Addio graduatorie? No, blocco dell'accesso



M'ama, non m'ama, m'ama, non m'ama, m'ama...

 

Di Vincenzo Brancatisano

 

25 NOVEMBRE 2006 (AGGIORNATO AL 26 NOVEMBRE 2006) – Sta suscitando preoccupazione l’intervento in Senato della sen. Albertina Soliani. In effetti, leggendolo, non è che le cose stiano andando nella direzione indicata dall’ottimismo indotto, nei precari, dalle ultime uscite dei sindacati. Dice la senatrice della Margherita:

 

“Il comma 262, alla lettera c), prevede infatti un piano triennale per l'assunzione a tempo indeterminato di 150.000 docenti precari. A tale scelta, che ad avviso della relatrice costituisce una vera e propria svolta politica, è legata l'abolizione, dall'anno scolastico 2010-2011, delle graduatorie permanenti, nonché l'eliminazione della valutazione doppia del servizio prestato nelle scuole di montagna e negli istituti penitenziari e l'inclusione nel secondo scaglione delle graduatorie di insegnamento di strumento musicale nella scuola media dei docenti abilitati per l'insegnamento di educazione musicale. Nel ribadire che si tratta di una scelta di grande rilievo, la relatrice ritiene che essa rappresenti tuttavia solo il primo passo; nei prossimi mesi, occorre infatti un piano programmatico per le cessazioni dal servizio e le assunzioni, per il reclutamento e la formazione dei docenti (con particolare riferimento alla sorte delle SSIS e dei corsi abilitanti) e per l'organico funzionale. Ciò, affinché non si creino più i presupposti per la formazione del precariato e, nell'anno scolastico 2010-2011, le graduatorie permanenti risultino definitivamente esaurite”.

 

La domanda è: visto che si tratta certamente di una “scelta di grande rilievo” e che investe un settore tanto delicato quale quello del reclutamento dei  docenti – che così com’è è uno scandalo al sole del quale non sono certamente responsabili i lavoratori –  perché prima non si mette ordine al “dopo” e invece di distrugge il “prima” senza dire cosa ci sarà “nei prossimi mesi”? Infine ci chiediamo: una legge finanziaria era davvero lo strumento più adeguato per intervenire sulla scuola in maniera tanto drastica?

 

 

Leggi il commento di Florit,che subito dopo annuncia BUONE NOTIZIE PER I PRECARI (DELLE GP MA PESSIME PER QUELLI DELLE GM)
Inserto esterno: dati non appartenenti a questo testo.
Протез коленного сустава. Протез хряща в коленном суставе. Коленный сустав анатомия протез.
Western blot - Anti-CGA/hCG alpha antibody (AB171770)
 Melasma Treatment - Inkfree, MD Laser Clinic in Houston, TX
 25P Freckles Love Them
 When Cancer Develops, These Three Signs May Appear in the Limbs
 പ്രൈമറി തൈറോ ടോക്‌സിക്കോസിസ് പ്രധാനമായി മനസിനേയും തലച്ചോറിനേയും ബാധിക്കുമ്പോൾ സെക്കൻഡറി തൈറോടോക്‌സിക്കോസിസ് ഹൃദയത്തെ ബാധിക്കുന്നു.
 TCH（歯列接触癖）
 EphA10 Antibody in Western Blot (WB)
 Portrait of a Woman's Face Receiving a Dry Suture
"Le ultime indiscrezioni sul destino delle GP sembrano essere legate ad un emendamento governativo, che dovrebbe essere presentato al Senato nei prossimi giorni e che dovrebbe imporre non l'abolizione delle GP per il reclutamento dal 2010, ma la chiusura degli accessi alle stesse in occasione di quella che dovrebbe diventare l'ultima integrazione nel 2009. Vi entrerebbero quindi gli ultimi sissini e gli abilitati degli attuali corsi speciali. Dopo tale chiusura, la procedura di reclutamento dovrebbe prevedere una ripartizione del contingente di assunzioni tra le GP chiuse (che andranno così ad esaurimento, pur consentendo l'aggiornamento biennale dei punteggi di quanti vi saranno inclusi) e i concorsi per i neolaureati, secondo percentuali ancora da definire (non si esclude comunque l'iniziale mantenimento del 50% e 50%). In previsione di tale procedura dovrà essere fissato un termine di scadenza anche per l'impiego delle attuali GM dei concorsi ordinari (che potrebbe anche avvantaggiare le assunzioni da GP). Si sarebbe così giunti ad una linea di compromesso tra il ministro Padoa Schioppa, che più volte si è espresso in senso critico nei confronti delle GP, dell'attuale sistema di reclutamento e dell'elevata età media dei docenti) ed il ministero della pubblica istruzione, dove la stessa viceministro Bastico aveva già manifestato in alcune dichiarazioni la sua non contrarietà al mantenimento delle GP".